Absence of cricket telecast is the worst part of emigration from India. As I write this, Bangalore’s Royal Challengers and Hyderabad’s Deccan Chargers are battling it out in Johannesburg, South Africa, for the Indian Premier League’s final. I missed the live telecast and followed the match and Deccan Chargers’ victory on the internet (The Times of India).
I haven’t read too many books on and about cricket. Cricket writing in India has a great tradition, but it is generally limited to the newspapers. I had the privilege of working with the legendary K. N. Prabhu, the eminent cricket journalist from The Times of India. Prabhu worked at The Daily for a brief period, when I was a reporter at the tabloid. (Note: I was a reporter circa late Cretaceous era).
Prabhu's fluid and carefree style of writing was carefully cultivated. A senior journalist at the newspaper was assigned to cover Raj Kapoor’s funeral.
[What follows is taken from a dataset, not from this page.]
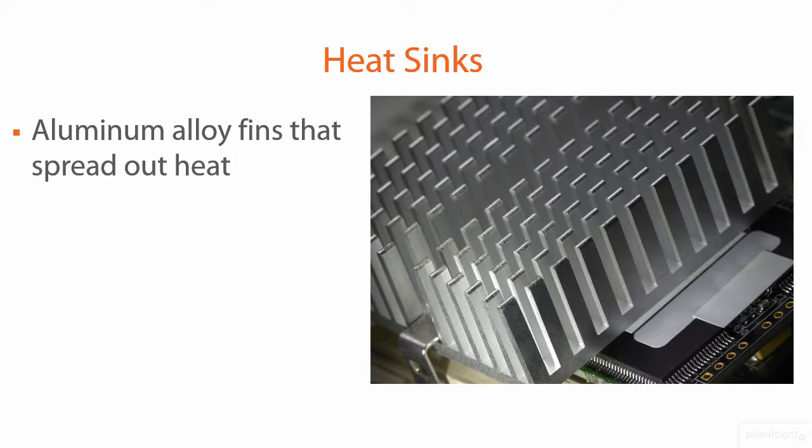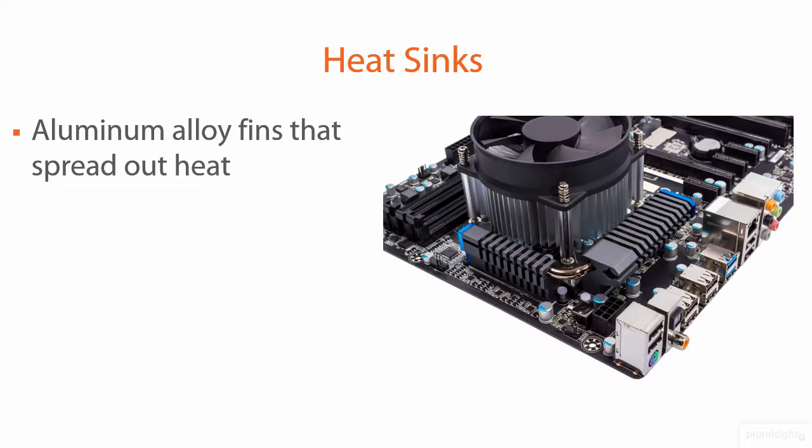The idea is you stick a heat sink on top of your CPU. You can also do this on your graphics card, your north bridge, your south bridge. It wicks heat off of the processor, and those fins are there to create as much surface area as possible, because basic physics — the larger you make your surface area, the more heat you can dissipate per unit time. So that's the idea with the heat sink.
He began his report with, “As the maudlin sun turned ochre...” Prabhu walked over to the reporting section and politely told the reporter to stick to the facts.
Think of the reader; don’t think as a writer, he’d tell us.
Among the more contemporary writers, Ayaz Memon is perhaps the best. Here’s his selection of the best cricket books he’s read.
The one cricket book that stays etched in my mind is Ashish Nandy’s The Tao of Cricket. Nandy, a free thinker, wrote the book in 1989. It’s an original interpretation of the game of cricket in the Indian context.
The book gained popularity and acclaim because Nandy claimed – tongue firmly in cheek – that cricket was actually an Indian game accidentally discovered by the English.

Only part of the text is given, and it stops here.